Affaircare....I don't think a 4 year old needs to hear about daddys girlfriends. And I have offered twice to pay his gas down here. We don't live close, and I don't have the time or money on a regular basis to arrage father/son playdates. I do what I can....but can only do so much. I did offer one time to take N to see his dad...and his dad still found excuses for it not to happen.

Ash22....I would love it if I could control when, where and who is involoved with the visits between N and his dad. I don't think Kevin is responsible at all. 

Now I did recieve a text from Kevin this evening. It seems he wants to come see N at my house tomorrow. As much as I don't want to see K or deal with him...I think this is as close to a win/win situation as it can get! So we will see if he actually shows up. I hope so, N wants to see his dad soooo bad!

Thanks for the support and advice.


----------



## raising5boyz (Nov 8, 2008)

Well, Kevin showed up to see his son. He was here an hour and a half before he got too mad at me and left.

I can't take the kids to my house because my roommates are drunk criminals.
Ok, so you won't be taking N until you find another place?
No I want to take him next week.
That doesn't work for me.
If you want me out of his life just tell me and I'll stay away.
That would be great....lets do that.
Hell no! How dare you even say that!
Well...it was your suggestion....

And that was the end of his visit with his son. He was here and hour and a half. He stormed out of the house and peeled out of the driveway in his oh so cool corvette that he just had to have! I don't even know what to say...ugh!


----------



## Help239 (Oct 20, 2009)

Sounds like he's not thinking straight at all. Stay strong.


----------



## raising5boyz (Nov 8, 2008)

Can we say immature??? Cause he can act it!!! So I have offered him gas money everyday this week to come see his son. Nope....too busy...too stressed...and any other excuse you can think of!

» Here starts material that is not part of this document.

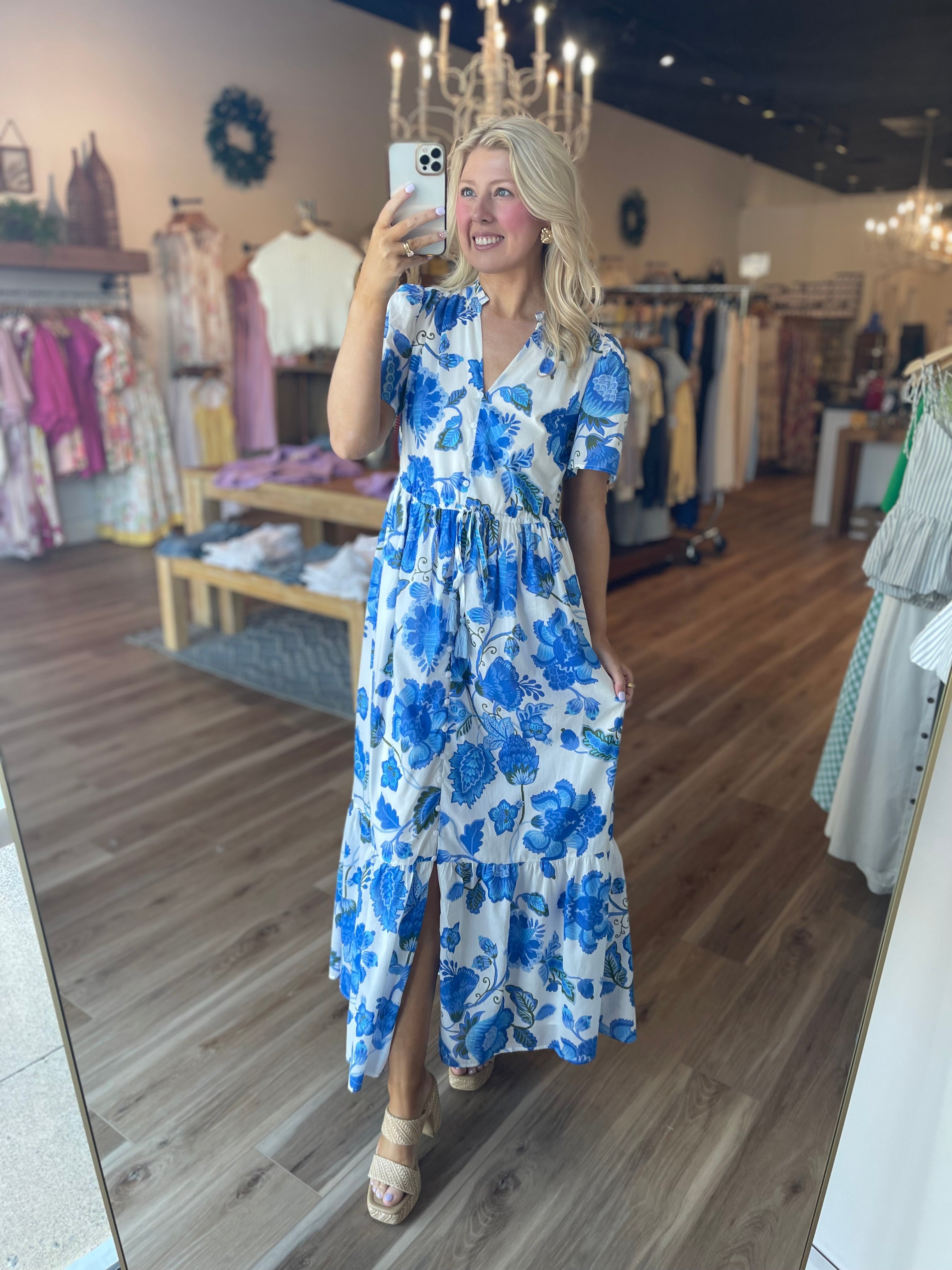 Cassie Floral Maxi Dress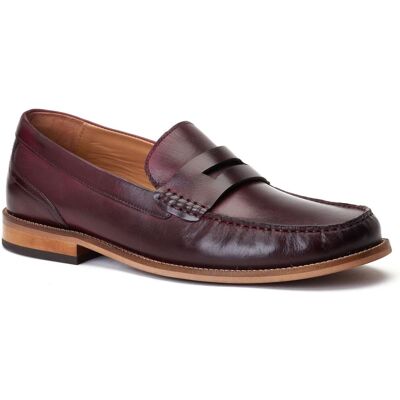 Base London Garfield Leder Herren Bordo Loafer Wein EU 46 / UK 11 Base London Garfield Leder Herren Bordo Loafer Wein EU 46 / UK 11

I can understand that he might not want to except money from me...but come on! This is for his son! So he has now pawned his gun, his big lcd tv...the PS3 I think....and is talking about maybe needing to sell his car to pay bills. And then he turns around and asks me for the truck thats in my name saying he will make the payments! Hell No!!! I mean seriously??? 

The other thing that if driving me crazy is that every time he talks to his son on the phone (which is only when I text and ask him to) he tells the little guy that he well be down to see him soon....and it never happens! Grrrr....!

And holy smokes....we are so arguing over how the bills should be split and payed....he is not being reasonable about it at all! He is going to drive me crazy!:slap:


----------



## Corpuswife (Apr 24, 2009)

I understand how much you want him to be involved with your son. It would drive me crazy to feel the pain of my son wanting his dad....

However, he doesn't have his act together in the least. He's a man of broken promises. Your son is already learning that at a young age.

I would simple tell your H that he's welcome to visit, call, etc at any time to contact your son. However, you will quit being the nag/*****/gripe that encourages it! It will be up to him to show your son how much he loves him. 

Why put yourself and your son through the mill....just let it lie. What you have been doing isn't working. Try something different to gain some peace.


----------



## whattodo17 (Jan 12, 2010)

I have to say I really admire your strength! What an a$# he is to show up in a corvette but doesn't have the money to visit his son!

Corpuswife-You give great advice! I second what you said!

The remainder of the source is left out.